PB’s most recent book, The Spiritual Crisis of Man, had appeared in 1953. He had continued to write, of course, and when I was with him he was in the early stages of organizing his voluminous unpublished work for what he called his final book, his “summing up.” He would continue to edit and add to this body of writing until his death, two years later. Although his “summing up” book was not to be, Larson Publications would later expand the project and publish much of this material—adhering closely to the plan PB had established—as the sixteen-volume series entitled The Notebooks of Paul Brunton.
PB maintained a highly functional home office and a disciplined workday. Dressed in jacket and tie, he worked tirelessly and efficiently, usually pausing only for scheduled meal breaks and, of course, afternoon tea. At mealtimes I prepared simple vegan fare for the two of us, and as we ate and talked I often jotted notes in a notebook that I kept close at hand. Many of my notes concerned mundane tasks: reminders to purchase needed items or directions to a particular vegetable market or hardware store. Others, scribbled discreetly between bites, were more sublime.

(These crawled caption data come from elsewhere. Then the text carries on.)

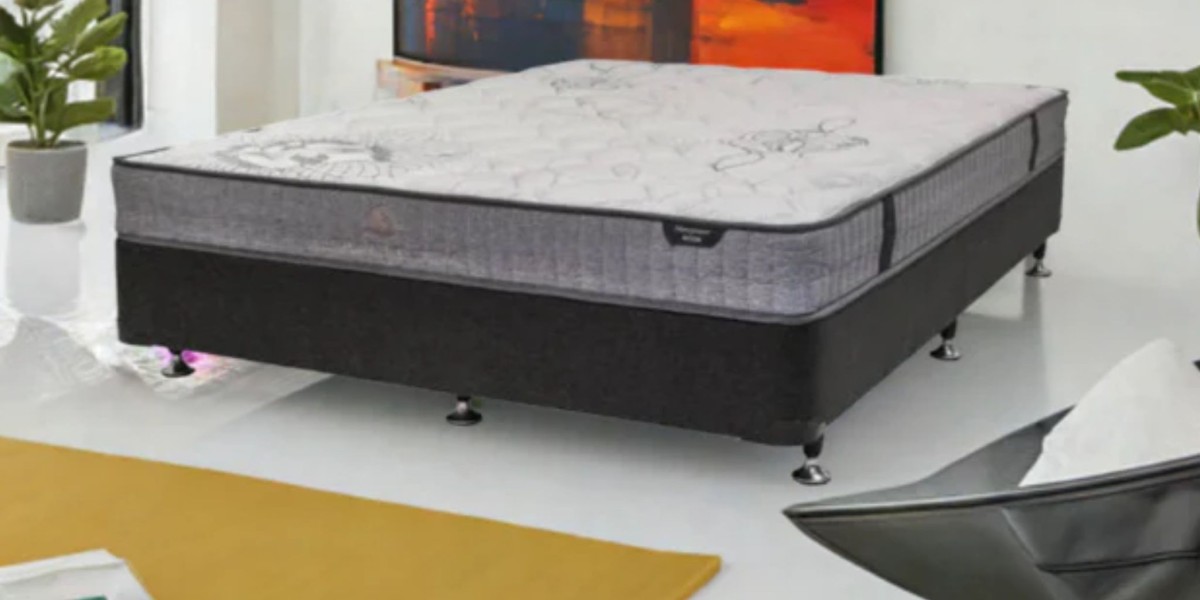 Discover the Best Furniture Stores for Mattresses and Bed Bases with Mattress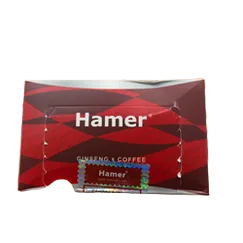  So sánh Kẹo Hamer chính hãng khiến chàng trở nên phong độ hơn  mới nhất 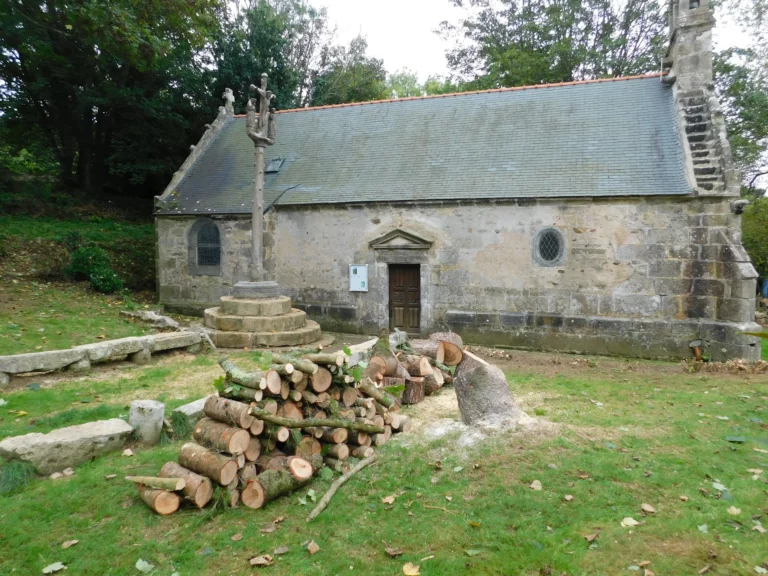 6 octobre 2026 : Le Traon, Prad Paol, Keroudern, Lanvaon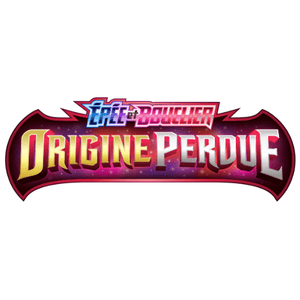Origine Perdue - Cartes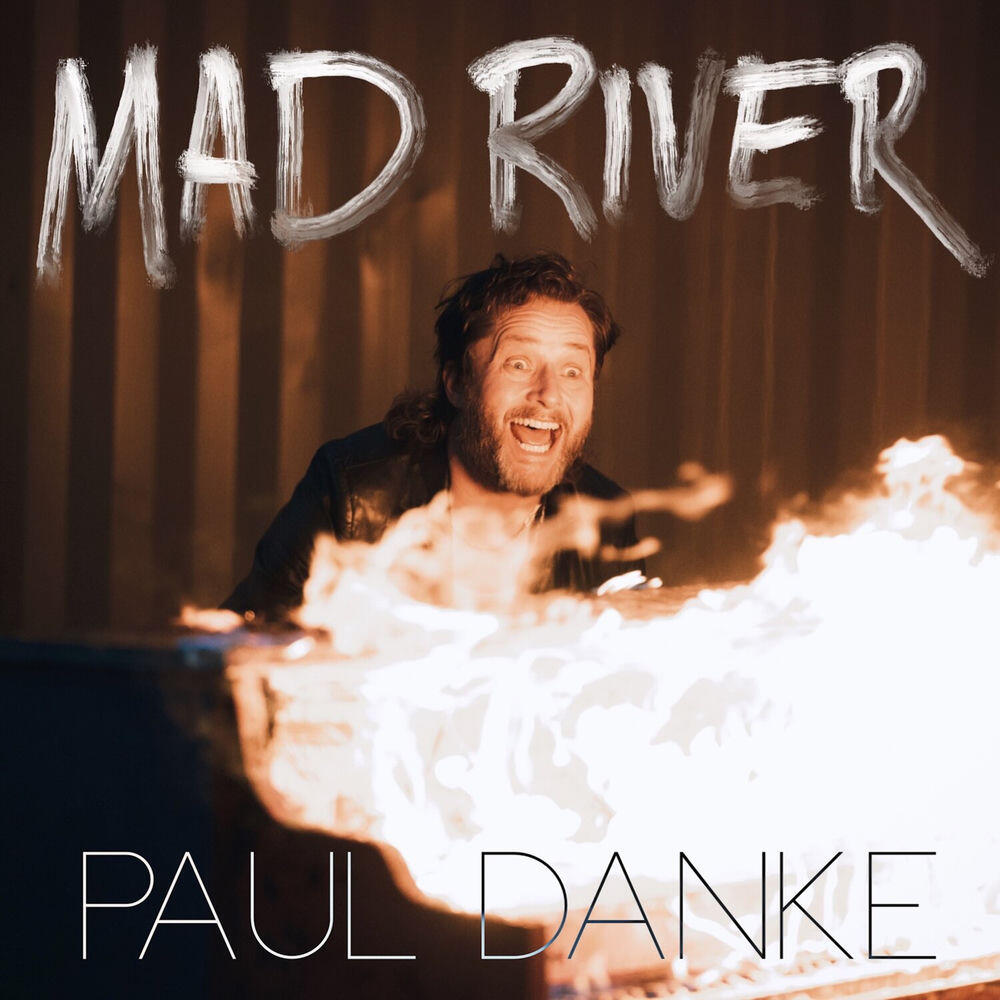 Релиз Mad River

PB began every lunch and dinner by bowing his head and saying grace. He spoke softly and slowly, sometimes pausing for a few moments between words. He usually repeated the same prayer, varying only one phrase: “For this food to nourish the physical body and sustain its strength, and for __________, we are thankful [or grateful], O mind of the world.” After finishing this brief grace, PB always allowed the silence to deepen for a short time, and then we began the meal.
I was struck by the enormity as well as the simplicity of these gentle prayers of thanksgiving. I soon began the mealtime practice of recording the varied phrase, the particular blessing of the day, in my notebook. As my stay in Vevey grew longer, I became aware that I was amassing a veritable litany of the ways in which grace might flower in one’s life.
These many years later, as I revisit this gift that PB gave to me, I can still recall the deepening silence in that room, can still see the sunlight spilling warmly across the carpet. I’ve come to understand that being aware of grace, and remembering to be grateful for it, is perhaps the greatest grace of all.